■ **DATA EXTRACT**:
⁂
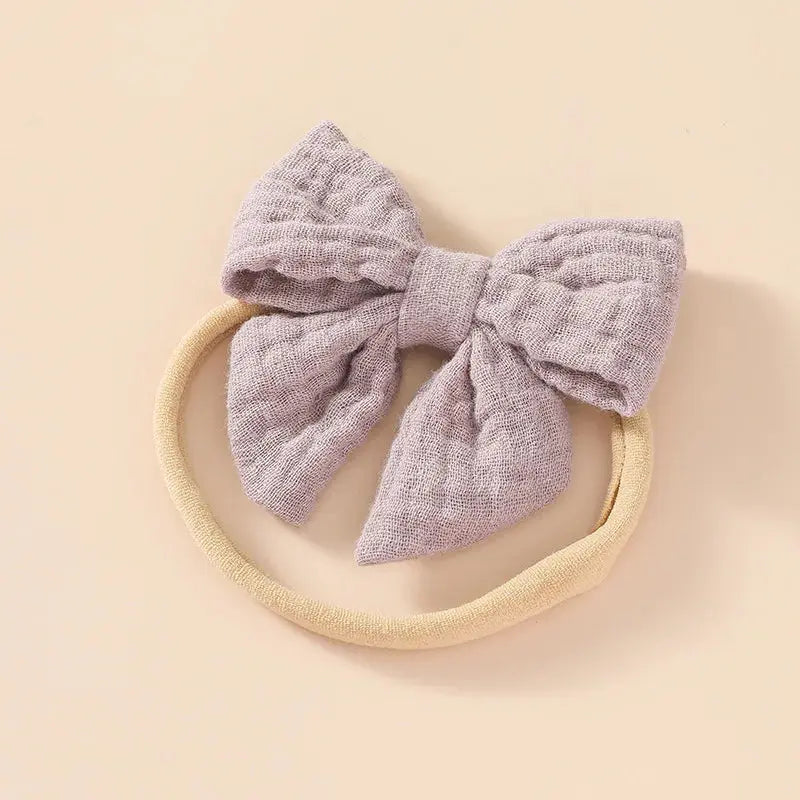 Baby headband with a textured purple bow on a beige background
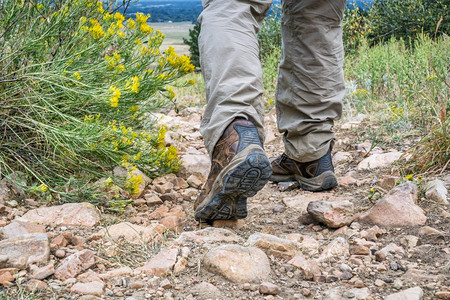 男脚踏着皮靴登上山丘的足迹图片
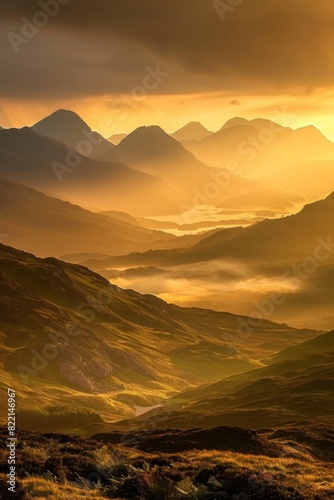 A majestic mountain range bathed in the golden light of sunrise  mist swirling in the valleys below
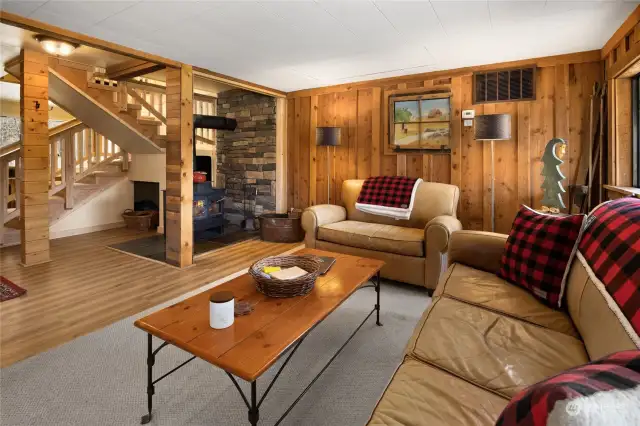 A view from the living room. You can enjoy the warm fire place on winter days. The hand cut cedar tongue & grove complete the cozy cabin feeling.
⁂
■ **ABOUT THIS EXERCISE**:
Where an image appears in the data, skip it, and return the rest verbatim.

■ **YOUR RESPONSE**:
 Baby headband with a textured purple bow on a beige background
 男脚踏着皮靴登上山丘的足迹图片
 A majestic mountain range bathed in the golden light of sunrise  mist swirling in the valleys below
 A view from the living room. You can enjoy the warm fire place on winter days. The hand cut cedar tongue & grove complete the cozy cabin feeling.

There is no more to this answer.